#### [Task brief]
Could you write out, exactly as they stand, only the lines in the listing below from the line with "Edible Beauty Turmeric Brightening Serum 30ml -Famous" to the line with "How Do Braces Move Teeth?", both ends included, without the pictures?
::: Records to use
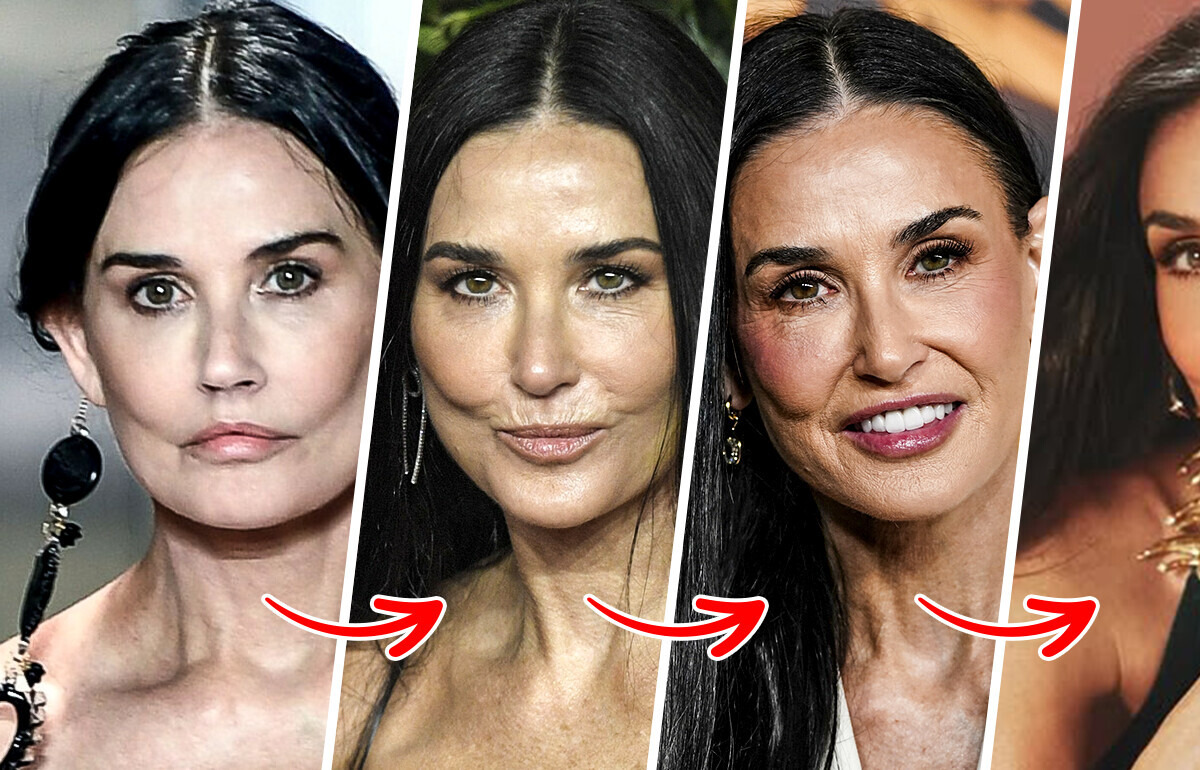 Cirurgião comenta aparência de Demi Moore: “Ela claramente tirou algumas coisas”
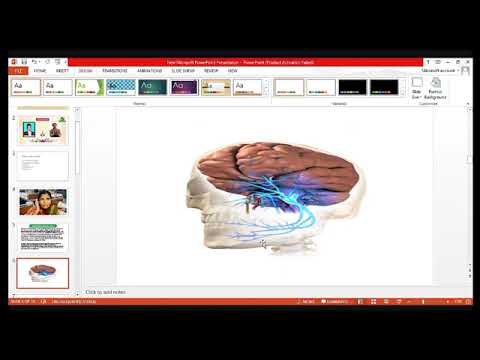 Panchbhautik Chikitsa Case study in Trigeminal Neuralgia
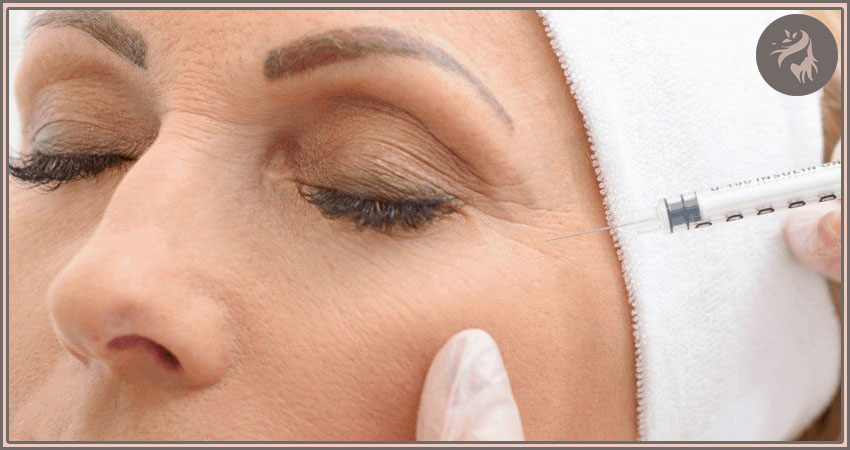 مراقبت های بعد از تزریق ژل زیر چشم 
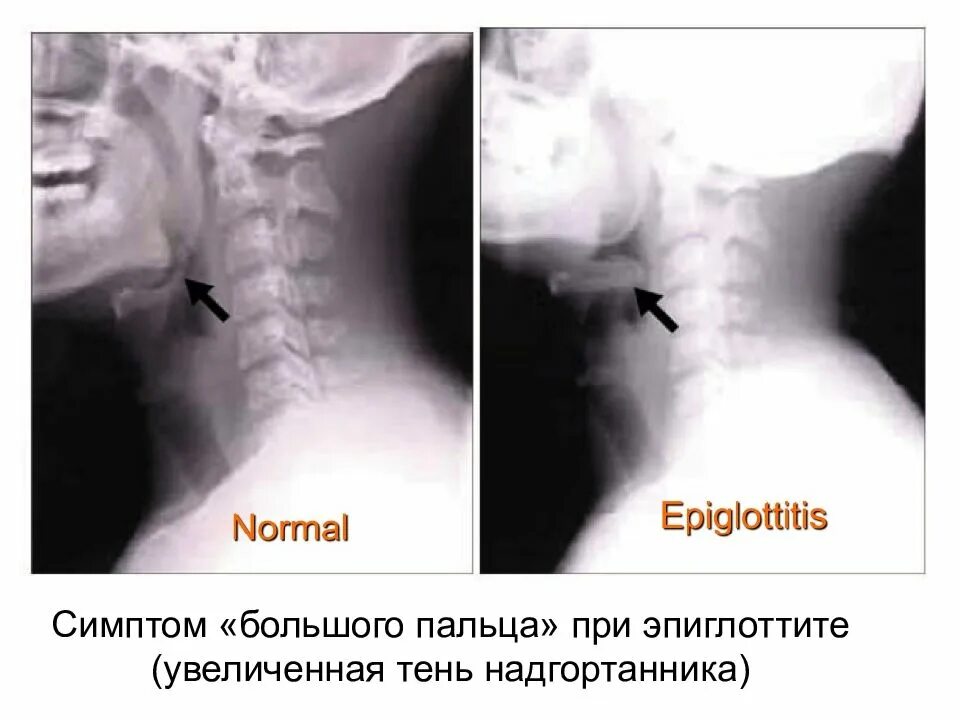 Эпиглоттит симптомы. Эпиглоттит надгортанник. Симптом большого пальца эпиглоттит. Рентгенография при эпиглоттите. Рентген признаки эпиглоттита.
::::::
::: Records to use
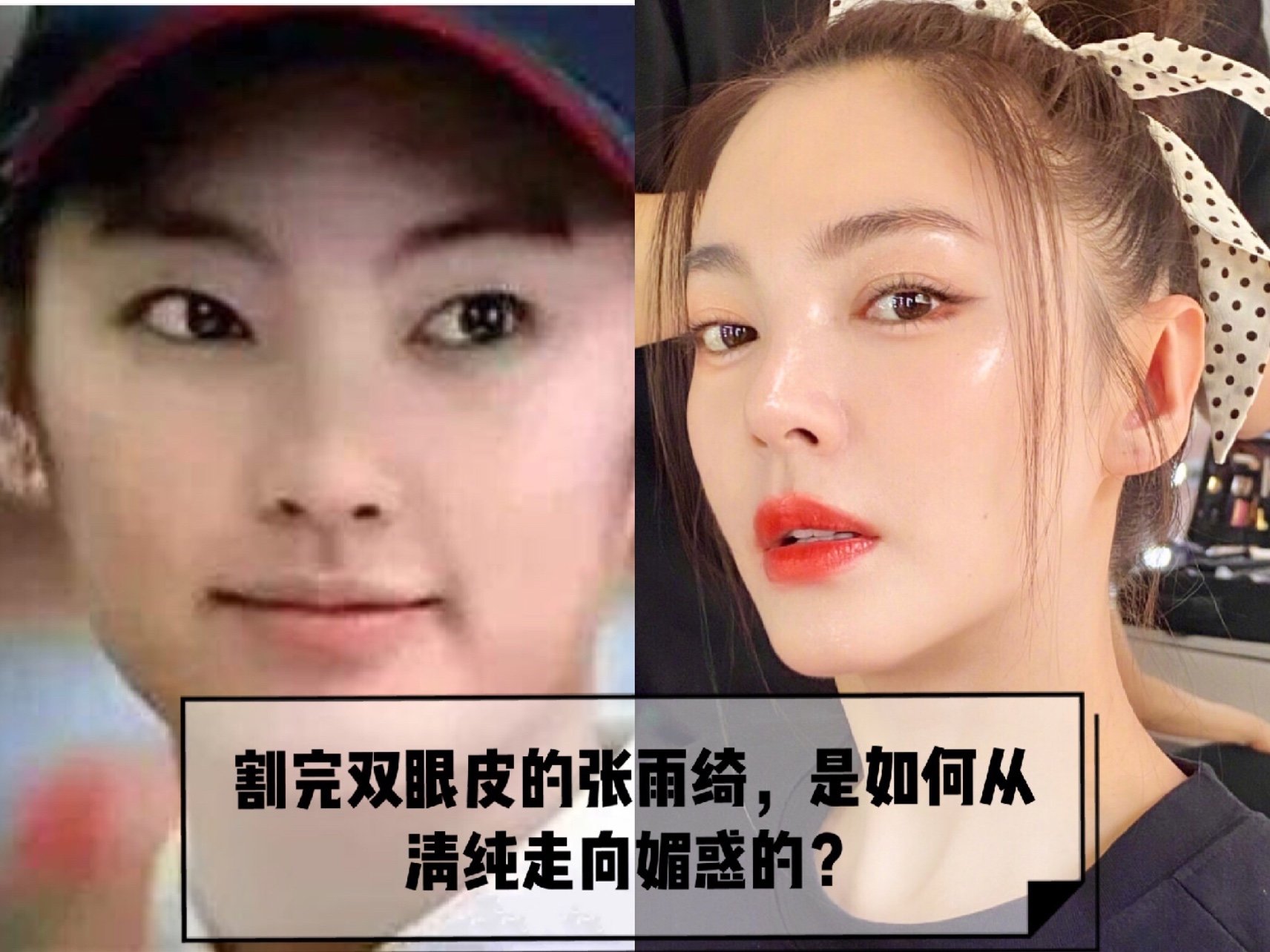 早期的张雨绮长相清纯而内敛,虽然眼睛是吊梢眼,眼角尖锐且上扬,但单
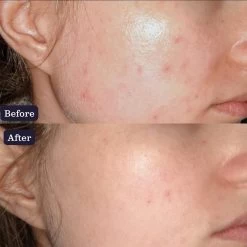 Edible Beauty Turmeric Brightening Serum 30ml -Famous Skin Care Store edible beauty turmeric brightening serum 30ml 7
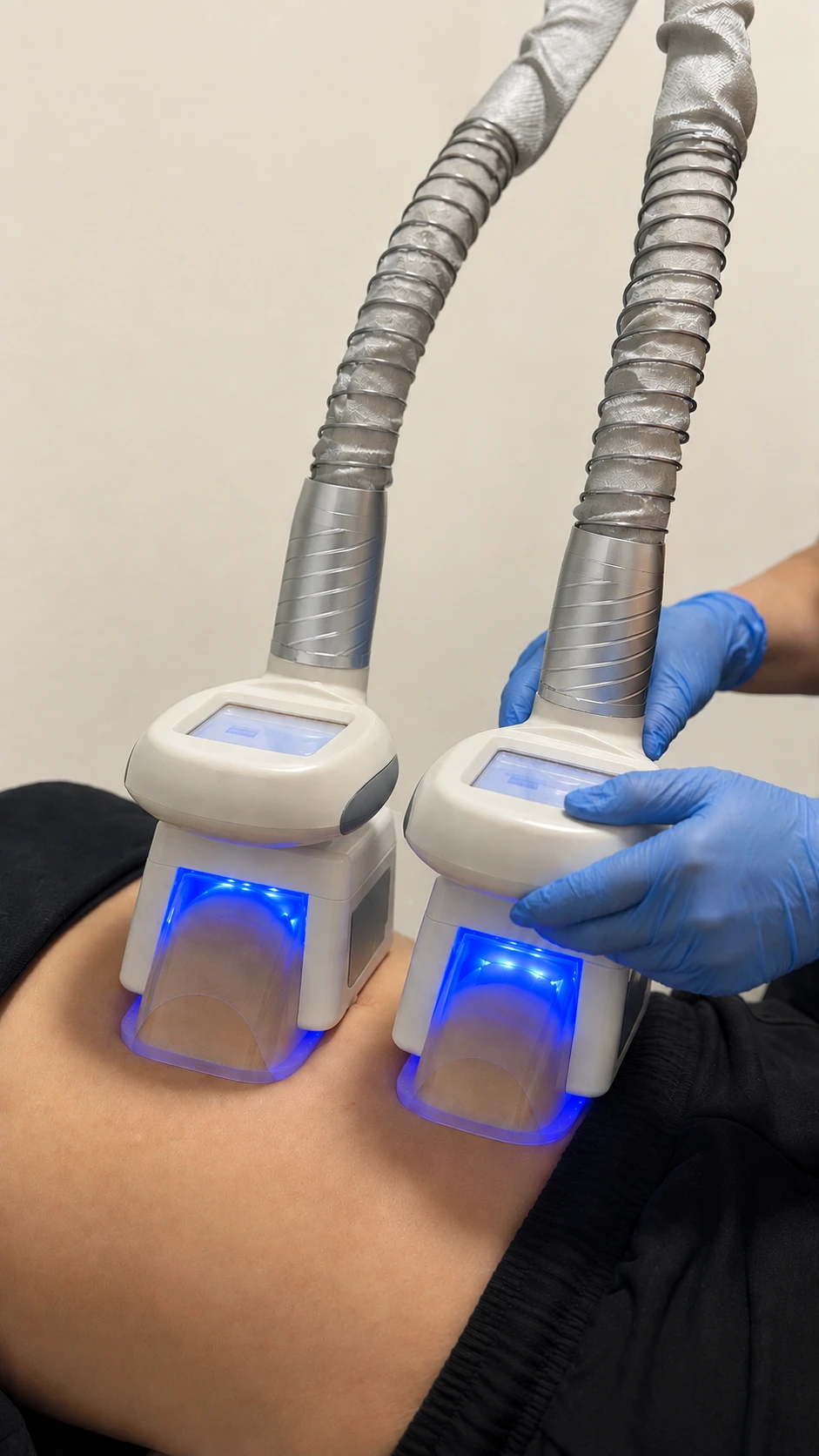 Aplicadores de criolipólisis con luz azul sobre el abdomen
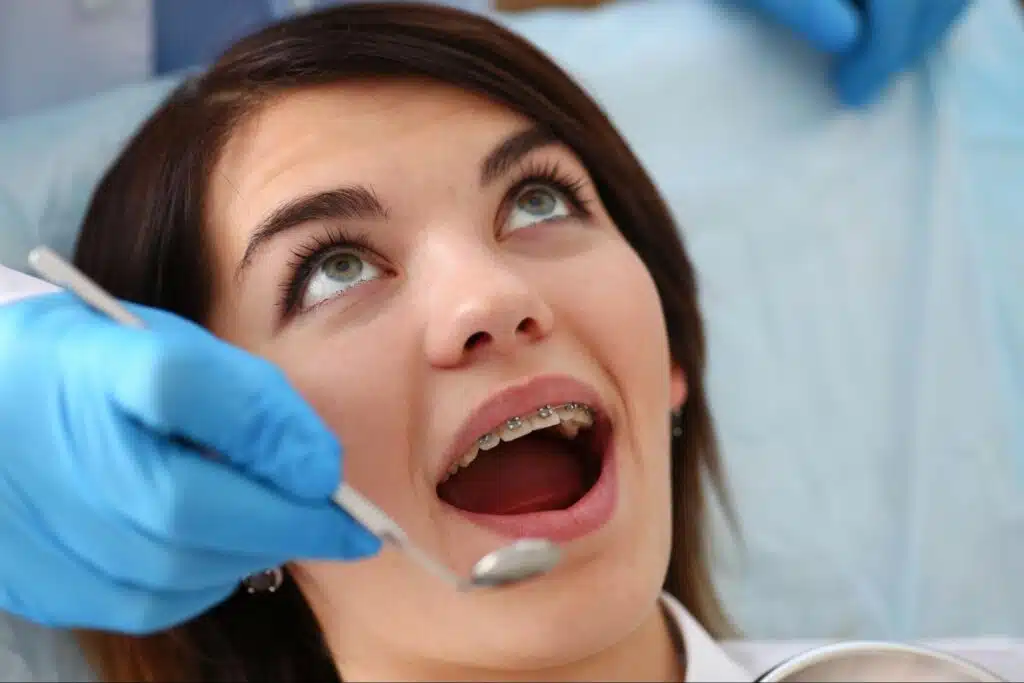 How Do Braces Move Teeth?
::::::
::: Records to use
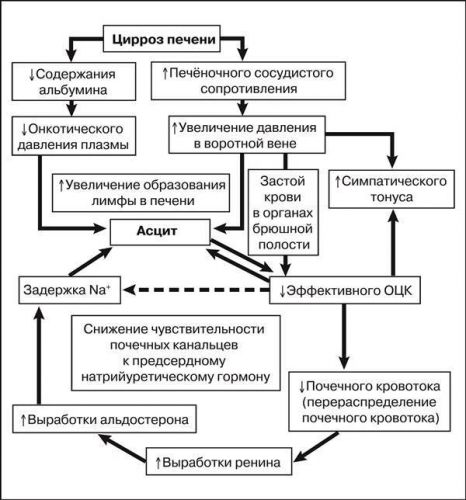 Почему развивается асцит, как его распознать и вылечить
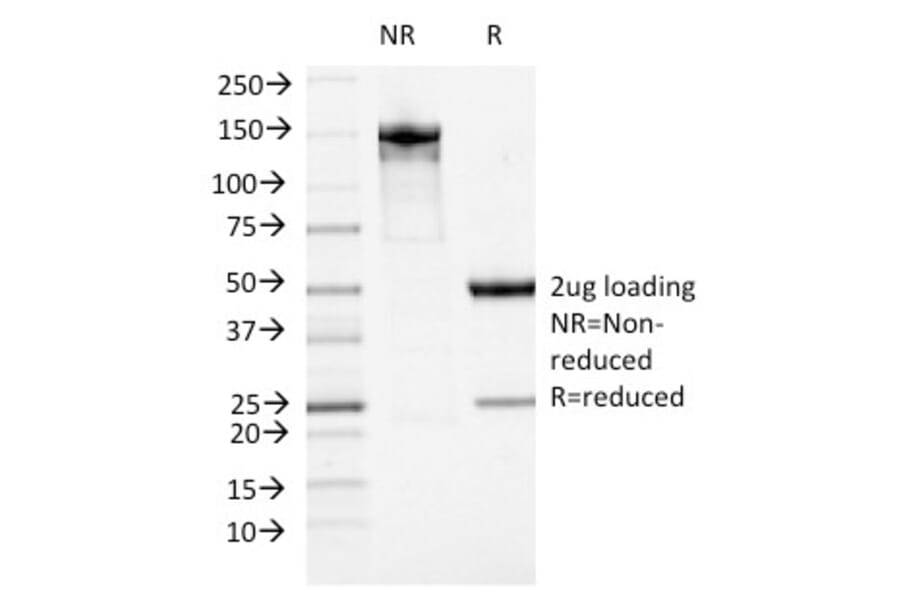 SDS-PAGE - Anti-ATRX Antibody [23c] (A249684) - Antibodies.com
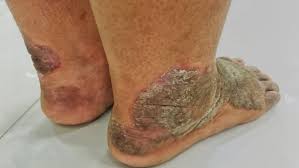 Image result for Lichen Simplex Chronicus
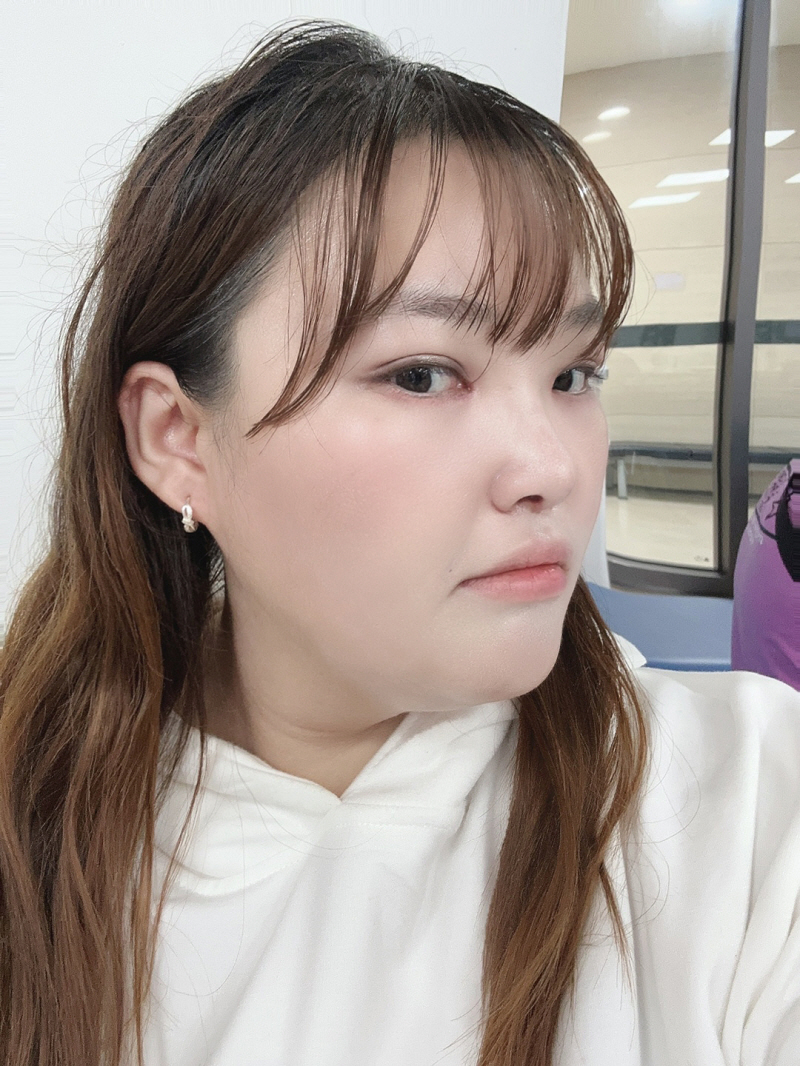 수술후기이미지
::::::
#### [Task output]
 Edible Beauty Turmeric Brightening Serum 30ml -Famous Skin Care Store edible beauty turmeric brightening serum 30ml 7
 Aplicadores de criolipólisis con luz azul sobre el abdomen
 How Do Braces Move Teeth?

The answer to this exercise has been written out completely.